Lai Tek had bowed out of history not with a bang but a whimper. The
Vietminh squad comprised three young and completely inexperienced men. They waited outside the shop house 'on the klong' and pounced on Lai
Tek as he returned to his squalid quarters. The diminutive, sickly Vietnamese put up a tremendous fight. One of
the young men gripped him round the neck; Lai Tek writhed and contorted; then he
frothed at the mouth; finally he stopped breathing. At the back of the shop house,
the assassins found some discarded lengths of hessian used for making sacks. In these,
they wrapped the corpse and waited for dark. As soon as night fell, they heaved
Lai Tek's body into the rushing waters of the Chao Praya river.
So ended the
remarkable life of one of the most enigmatic secret agents in 20th
Century intelligence history – the enigmatic puppet master of Malayan
communism. He had done sterling clandestine service for the French, the British
and the Japanese. Arguably, he put the brakes on a communist revolution in post war Malaya. Many would regard that as a 'good thing'. Not one of these powers would ever honour or acknowledge Lai Tek's contributions to their cause.
It is odd that Chin Peng did not accompany the
squad to positively identify Lai Tek and to confront him about his multiple betrayals.
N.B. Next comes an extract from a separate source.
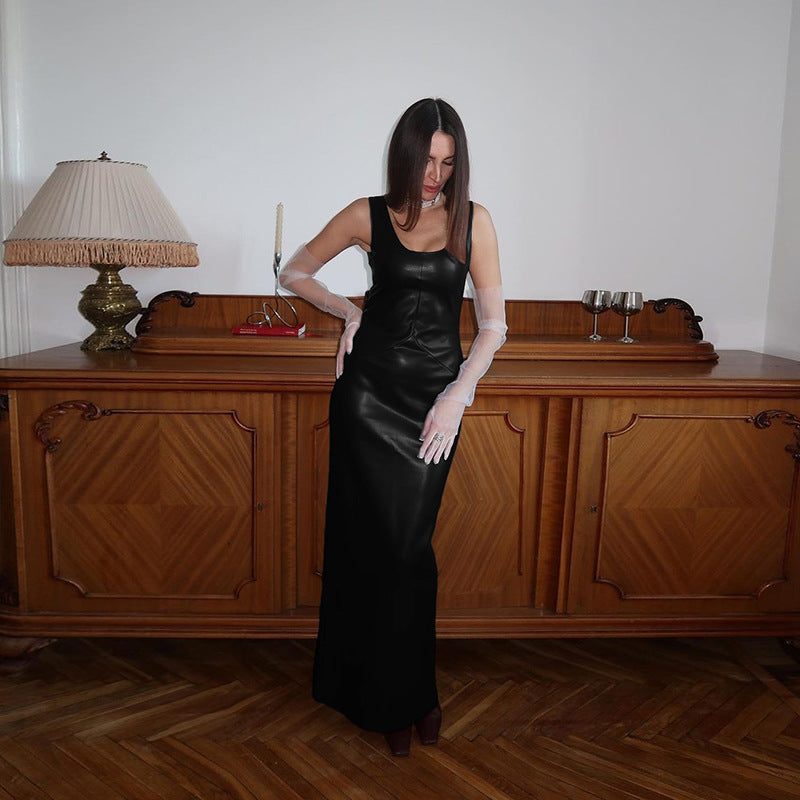 Robe longue Nocturne – effet cuir noir & bordeaux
Perhaps he did... He will probably take that secret to his grave. We have no idea at all
why the British Special Branch abandoned their ‘Mr Wright’ to his fate. They owed him a great deal. No one has any idea what happened to all the money Lai Tek stole from
the Party coffers. As Leon Comber points out, these puzzles are unlikely ever
to be solved.
Freddy Spencer Chapman summed up his impression of Lai Tek: ‘I
personally find a character like that – a person who has spent the whole of his
life as an informer or traitor, or whateverword you like to use, for one side
or the other, then doubly, develops a strange sort of character. You can’t
dislike a man intensely just because of that – you’ve got to look behind and
understand a certain amount about it. And I don’t think Lai Teck let us down,
we couldn’t have got anywhere without him.’